Indexes

Indexes are usually created on one or more columns in a table and can greatly improve the performance of queries, particularly for tables that are large in size or accessed frequently. Indexes are usually created on non-primary columns to speed up point-select queries on those columns.

Benefits of using indexes

In general, using indexes can significantly enhance the performance and efficiency of the system.

When to use indexes

Indexes can be particularly useful for optimizing the performance of queries that retrieve a small number of records from a large dataset. In RisingWave, indexes can speed up batch queries.

How to use indexes

You can use the CREATE INDEX command to construct an index on a table or a materialized view. The syntax is as follows:

CREATE INDEX [IF NOT EXISTS] index_name ON object_name ( index_column [ ASC | DESC ], [, ...] )
[ INCLUDE ( include_column [, ...] ) ]
[ DISTRIBUTED BY ( distributed_column [, ...] ) ];

In short,

All columns from the materialized view that are referenced in the SELECT clause should be included in the INCLUDE clause when creating the index.
Any columns used in the WHERE clause of batch queries should be specified in the index_column section of the index. For example, if a batch query includes a filter such as timestamp BETWEEN t1 AND t2, the timestamp column should be part of the index_column. The same principle applies to any other filter conditions such as equality and inequalities.

Here is a simple example. Let’s create two tables, customers and orders.

CREATE TABLE customers (
    c_custkey INTEGER,
    c_name VARCHAR,
    c_address VARCHAR,
    c_nationkey INTEGER,
    c_phone VARCHAR,
    c_acctbal NUMERIC,
    c_mktsegment VARCHAR,
    c_comment VARCHAR,
    PRIMARY KEY (c_custkey)
);

CREATE TABLE orders (
    o_orderkey BIGINT,
    o_custkey INTEGER,
    o_orderstatus VARCHAR,
    o_totalprice NUMERIC,
    o_orderdate DATE,
    o_orderpriority VARCHAR,
    o_clerk VARCHAR,
    o_shippriority INTEGER,
    o_comment VARCHAR,
    PRIMARY KEY (o_orderkey)
);

If you want to speed up the query of fetching a customer record by the phone number, you can build an index on the c_phone column in the customers table.
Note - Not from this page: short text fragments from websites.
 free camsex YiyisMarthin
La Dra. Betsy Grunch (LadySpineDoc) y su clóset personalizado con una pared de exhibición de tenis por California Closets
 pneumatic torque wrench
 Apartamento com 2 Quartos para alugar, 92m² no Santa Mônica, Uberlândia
CREATE INDEX idx_c_phone on customers(c_phone);

SELECT * FROM customers where c_phone = '123456789';

SELECT * FROM customers where c_phone in ('123456789', '987654321');

If you want to speed up the query of fetching all the orders of a customer by the customer key, you can build an index on the o_custkey column in the orders table.
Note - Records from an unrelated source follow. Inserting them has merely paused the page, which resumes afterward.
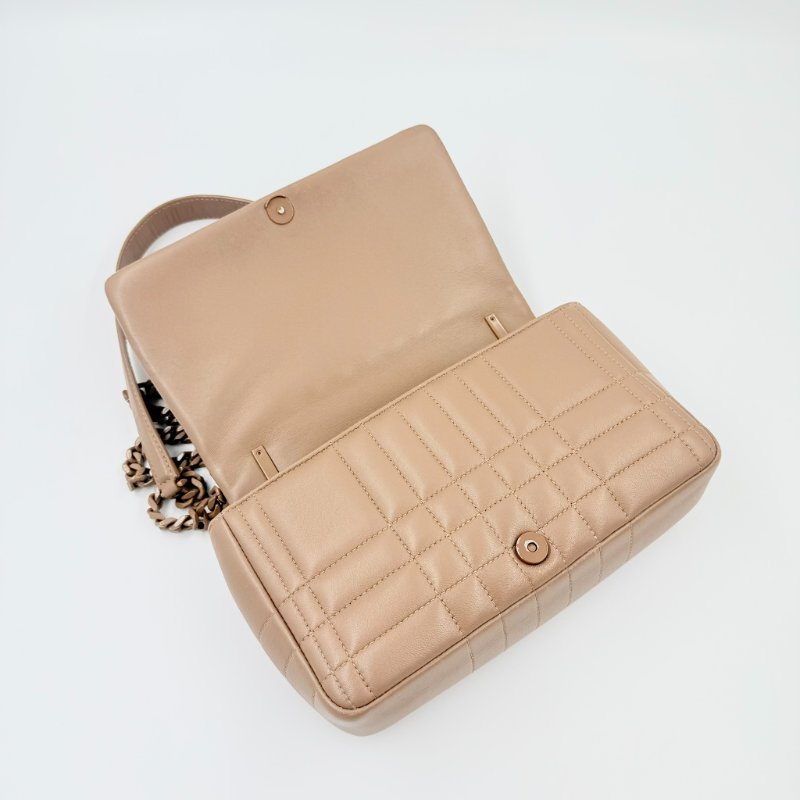 BURBERRY - 裸米棕色羊皮衍縫Lola肩側背包╻小號-15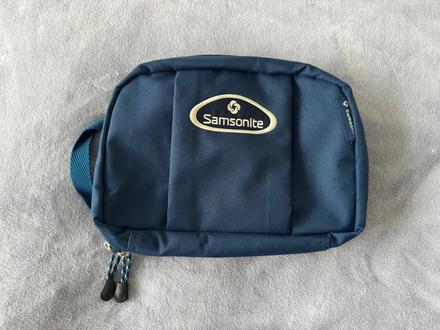 Toaletná taška na zavesenie samsonite, 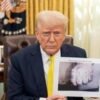 Trump e la lite con il giornalista per la foto: modificata o no?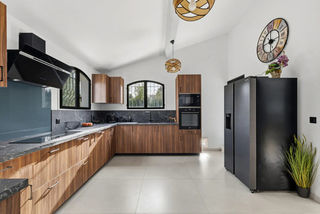  Villa � vendre 7 pi�ces 210 m�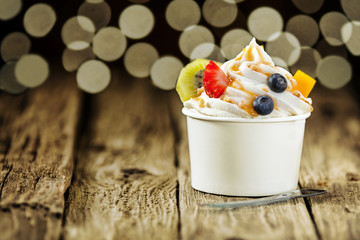 Creamy vanilla frozen yoghurt with fresh fruit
CREATE INDEX idx_o_custkey ON orders(o_custkey);

SELECT * FROM customers JOIN orders ON c_custkey = o_custkey
WHERE c_phone = '123456789';

How to decide which columns to include?

By default, RisingWave creates an index that includes all columns of a table or a materialized view if you omit the INCLUDE clause. This differs from the standard PostgreSQL. This is because RisingWave’s design as a cloud-native streaming database includes several key differences from PostgreSQL, including the use of an object store for more cost-effective storage, and the desire to make index creation as simple as possible for users who are not experienced with database systems. By including all columns, RisingWave ensures that an index will cover all of the columns touched by a query and eliminates the need for a primary table lookup, which can be slower in a cloud environment due to network communication. However, RisingWave still provides the option to include only specific columns using the INCLUDE clause for users who wish to do so. For example: If your queries only access certain columns, you can create an index that includes only those columns. The RisingWave optimizer will automatically select the appropriate index for your query.

-- Create an index that only includes necessary columns
CREATE INDEX idx_c_phone1 ON customers(c_phone) INCLUDE (c_name, c_address);

-- RisingWave will automatically use index idx_c_phone1 for the following query since it only access the indexed columns.
SELECT c_name, c_address FROM customers WHERE c_phone = '123456789';

You can use the EXPLAIN command to view the execution plan.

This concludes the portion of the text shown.